Data under study: Begin
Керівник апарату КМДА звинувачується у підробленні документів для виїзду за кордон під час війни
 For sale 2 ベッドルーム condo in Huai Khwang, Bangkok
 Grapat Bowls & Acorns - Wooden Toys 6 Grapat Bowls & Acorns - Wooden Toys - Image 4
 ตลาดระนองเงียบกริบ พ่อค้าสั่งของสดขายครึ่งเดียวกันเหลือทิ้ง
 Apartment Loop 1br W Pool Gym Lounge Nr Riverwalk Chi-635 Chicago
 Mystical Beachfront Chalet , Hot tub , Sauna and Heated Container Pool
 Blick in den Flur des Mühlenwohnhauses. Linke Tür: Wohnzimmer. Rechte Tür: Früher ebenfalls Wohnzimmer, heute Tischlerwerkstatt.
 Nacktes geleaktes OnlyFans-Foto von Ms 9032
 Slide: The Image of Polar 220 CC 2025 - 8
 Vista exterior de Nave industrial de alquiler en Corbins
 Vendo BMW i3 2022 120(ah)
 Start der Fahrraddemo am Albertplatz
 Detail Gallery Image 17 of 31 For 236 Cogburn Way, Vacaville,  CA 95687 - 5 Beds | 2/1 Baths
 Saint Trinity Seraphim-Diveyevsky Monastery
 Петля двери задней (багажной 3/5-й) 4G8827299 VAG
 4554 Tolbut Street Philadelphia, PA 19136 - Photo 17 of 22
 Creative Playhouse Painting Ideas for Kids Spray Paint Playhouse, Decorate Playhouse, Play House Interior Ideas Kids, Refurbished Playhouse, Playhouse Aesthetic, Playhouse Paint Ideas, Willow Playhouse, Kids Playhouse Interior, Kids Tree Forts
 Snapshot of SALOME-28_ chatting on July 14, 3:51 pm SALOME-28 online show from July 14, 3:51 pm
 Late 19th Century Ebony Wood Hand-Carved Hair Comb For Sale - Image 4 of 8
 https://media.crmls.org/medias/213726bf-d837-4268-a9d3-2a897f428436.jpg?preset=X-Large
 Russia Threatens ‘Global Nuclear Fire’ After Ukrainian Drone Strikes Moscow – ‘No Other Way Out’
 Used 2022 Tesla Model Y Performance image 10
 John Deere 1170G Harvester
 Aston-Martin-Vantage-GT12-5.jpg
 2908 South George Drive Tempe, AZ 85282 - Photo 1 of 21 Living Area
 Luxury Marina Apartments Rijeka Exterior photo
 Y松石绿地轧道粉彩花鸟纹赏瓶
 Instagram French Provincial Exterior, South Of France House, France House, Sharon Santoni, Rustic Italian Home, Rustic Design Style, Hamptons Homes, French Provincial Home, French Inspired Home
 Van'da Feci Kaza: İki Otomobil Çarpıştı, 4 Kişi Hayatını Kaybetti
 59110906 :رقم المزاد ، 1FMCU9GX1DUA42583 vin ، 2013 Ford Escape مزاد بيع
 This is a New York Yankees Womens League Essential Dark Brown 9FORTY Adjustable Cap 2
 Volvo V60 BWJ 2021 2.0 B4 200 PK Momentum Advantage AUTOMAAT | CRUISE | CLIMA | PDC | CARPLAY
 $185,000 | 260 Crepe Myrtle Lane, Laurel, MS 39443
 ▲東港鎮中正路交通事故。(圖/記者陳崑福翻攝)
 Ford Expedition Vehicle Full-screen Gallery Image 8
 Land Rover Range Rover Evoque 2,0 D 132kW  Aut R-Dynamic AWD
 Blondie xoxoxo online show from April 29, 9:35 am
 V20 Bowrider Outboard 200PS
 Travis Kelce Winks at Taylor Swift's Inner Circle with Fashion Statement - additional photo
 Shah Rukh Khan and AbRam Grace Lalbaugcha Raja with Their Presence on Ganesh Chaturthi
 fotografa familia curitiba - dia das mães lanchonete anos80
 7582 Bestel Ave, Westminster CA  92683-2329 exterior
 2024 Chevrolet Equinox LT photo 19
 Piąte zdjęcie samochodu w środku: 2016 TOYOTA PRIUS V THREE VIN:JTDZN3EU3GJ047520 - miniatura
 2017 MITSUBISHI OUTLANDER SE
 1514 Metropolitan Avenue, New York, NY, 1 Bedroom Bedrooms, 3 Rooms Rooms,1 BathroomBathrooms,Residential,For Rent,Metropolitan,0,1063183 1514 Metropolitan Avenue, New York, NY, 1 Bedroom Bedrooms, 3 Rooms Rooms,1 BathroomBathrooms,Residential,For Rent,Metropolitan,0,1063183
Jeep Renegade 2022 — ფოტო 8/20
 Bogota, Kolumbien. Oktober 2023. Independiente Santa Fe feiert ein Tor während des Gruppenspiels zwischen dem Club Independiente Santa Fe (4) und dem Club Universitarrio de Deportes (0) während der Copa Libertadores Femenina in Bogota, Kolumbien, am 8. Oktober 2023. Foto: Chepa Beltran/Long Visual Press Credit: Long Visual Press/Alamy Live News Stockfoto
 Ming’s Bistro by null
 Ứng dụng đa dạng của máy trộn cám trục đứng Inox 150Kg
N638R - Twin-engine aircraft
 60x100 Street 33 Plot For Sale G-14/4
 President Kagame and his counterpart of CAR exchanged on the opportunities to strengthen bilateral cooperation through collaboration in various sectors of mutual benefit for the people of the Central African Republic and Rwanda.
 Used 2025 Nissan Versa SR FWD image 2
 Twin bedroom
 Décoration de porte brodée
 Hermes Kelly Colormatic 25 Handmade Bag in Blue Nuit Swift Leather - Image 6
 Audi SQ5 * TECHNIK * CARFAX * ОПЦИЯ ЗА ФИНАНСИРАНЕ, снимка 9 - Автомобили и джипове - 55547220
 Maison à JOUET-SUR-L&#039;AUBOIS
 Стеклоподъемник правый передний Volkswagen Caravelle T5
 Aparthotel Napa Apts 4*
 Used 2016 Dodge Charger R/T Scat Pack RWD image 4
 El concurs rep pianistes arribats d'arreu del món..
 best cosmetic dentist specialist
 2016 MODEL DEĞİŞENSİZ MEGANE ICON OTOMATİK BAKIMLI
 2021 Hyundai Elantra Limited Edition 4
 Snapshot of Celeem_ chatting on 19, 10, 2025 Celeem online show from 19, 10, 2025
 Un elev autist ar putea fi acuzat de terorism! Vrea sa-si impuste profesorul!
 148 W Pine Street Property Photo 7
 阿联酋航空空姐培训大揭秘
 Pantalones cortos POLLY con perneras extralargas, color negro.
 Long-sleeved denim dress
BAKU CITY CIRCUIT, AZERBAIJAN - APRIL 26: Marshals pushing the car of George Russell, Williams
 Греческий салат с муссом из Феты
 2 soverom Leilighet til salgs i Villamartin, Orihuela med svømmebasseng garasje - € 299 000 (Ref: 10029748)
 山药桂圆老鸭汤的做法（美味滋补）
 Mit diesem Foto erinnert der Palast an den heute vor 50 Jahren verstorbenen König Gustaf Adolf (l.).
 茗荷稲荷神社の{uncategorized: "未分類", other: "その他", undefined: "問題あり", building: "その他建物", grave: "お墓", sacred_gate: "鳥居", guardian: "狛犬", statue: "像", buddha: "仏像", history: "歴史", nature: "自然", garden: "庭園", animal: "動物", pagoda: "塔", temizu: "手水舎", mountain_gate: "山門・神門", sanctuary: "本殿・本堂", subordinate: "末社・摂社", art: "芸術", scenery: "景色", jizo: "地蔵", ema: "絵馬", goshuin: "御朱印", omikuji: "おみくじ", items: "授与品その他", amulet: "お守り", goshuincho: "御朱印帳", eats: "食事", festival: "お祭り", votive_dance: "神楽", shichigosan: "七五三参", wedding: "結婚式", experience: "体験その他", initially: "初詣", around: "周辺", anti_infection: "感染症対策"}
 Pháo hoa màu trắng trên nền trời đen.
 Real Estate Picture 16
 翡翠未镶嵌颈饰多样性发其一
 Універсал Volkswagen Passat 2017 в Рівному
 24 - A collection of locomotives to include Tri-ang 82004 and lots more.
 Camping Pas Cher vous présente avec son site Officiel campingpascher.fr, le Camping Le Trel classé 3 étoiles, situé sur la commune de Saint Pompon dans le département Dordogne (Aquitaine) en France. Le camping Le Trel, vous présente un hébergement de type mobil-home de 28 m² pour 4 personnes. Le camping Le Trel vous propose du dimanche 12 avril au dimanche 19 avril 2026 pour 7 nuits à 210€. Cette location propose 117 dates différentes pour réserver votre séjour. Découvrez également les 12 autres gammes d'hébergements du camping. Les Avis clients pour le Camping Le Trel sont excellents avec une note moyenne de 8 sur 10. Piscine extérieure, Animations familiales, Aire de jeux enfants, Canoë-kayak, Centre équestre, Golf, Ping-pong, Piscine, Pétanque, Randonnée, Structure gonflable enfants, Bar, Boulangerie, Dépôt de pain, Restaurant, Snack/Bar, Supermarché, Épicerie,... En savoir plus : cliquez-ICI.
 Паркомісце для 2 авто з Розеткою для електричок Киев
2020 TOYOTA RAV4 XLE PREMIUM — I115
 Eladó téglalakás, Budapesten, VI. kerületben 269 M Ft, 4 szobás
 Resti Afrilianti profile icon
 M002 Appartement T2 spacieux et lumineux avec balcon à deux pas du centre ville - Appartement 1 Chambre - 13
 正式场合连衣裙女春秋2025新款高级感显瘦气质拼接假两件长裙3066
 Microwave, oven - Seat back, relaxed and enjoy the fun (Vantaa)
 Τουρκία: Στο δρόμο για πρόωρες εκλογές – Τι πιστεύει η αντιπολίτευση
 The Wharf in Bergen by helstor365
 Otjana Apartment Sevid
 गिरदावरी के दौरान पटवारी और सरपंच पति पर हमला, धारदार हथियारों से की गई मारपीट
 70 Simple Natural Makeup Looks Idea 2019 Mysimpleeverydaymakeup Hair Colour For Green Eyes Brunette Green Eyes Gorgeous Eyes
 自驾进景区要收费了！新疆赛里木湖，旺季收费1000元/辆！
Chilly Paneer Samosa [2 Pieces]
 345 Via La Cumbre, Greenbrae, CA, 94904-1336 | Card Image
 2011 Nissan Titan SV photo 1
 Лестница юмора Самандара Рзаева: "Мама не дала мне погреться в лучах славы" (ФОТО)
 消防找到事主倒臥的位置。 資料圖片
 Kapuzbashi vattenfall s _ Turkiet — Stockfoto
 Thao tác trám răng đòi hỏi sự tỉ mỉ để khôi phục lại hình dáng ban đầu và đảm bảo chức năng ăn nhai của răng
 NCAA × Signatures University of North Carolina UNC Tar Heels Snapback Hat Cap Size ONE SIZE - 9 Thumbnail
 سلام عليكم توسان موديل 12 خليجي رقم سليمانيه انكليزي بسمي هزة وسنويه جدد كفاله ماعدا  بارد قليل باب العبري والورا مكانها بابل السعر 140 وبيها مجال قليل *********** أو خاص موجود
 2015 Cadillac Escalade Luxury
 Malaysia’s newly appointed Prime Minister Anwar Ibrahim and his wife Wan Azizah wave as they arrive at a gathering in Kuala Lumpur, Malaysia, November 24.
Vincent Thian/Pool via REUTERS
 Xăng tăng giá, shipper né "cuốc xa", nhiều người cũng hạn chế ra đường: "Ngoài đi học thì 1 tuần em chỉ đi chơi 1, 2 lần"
Data under study: End
Search the data and copy each line containing "Nissan".

 Used 2025 Nissan Versa SR FWD image 2
 2011 Nissan Titan SV photo 1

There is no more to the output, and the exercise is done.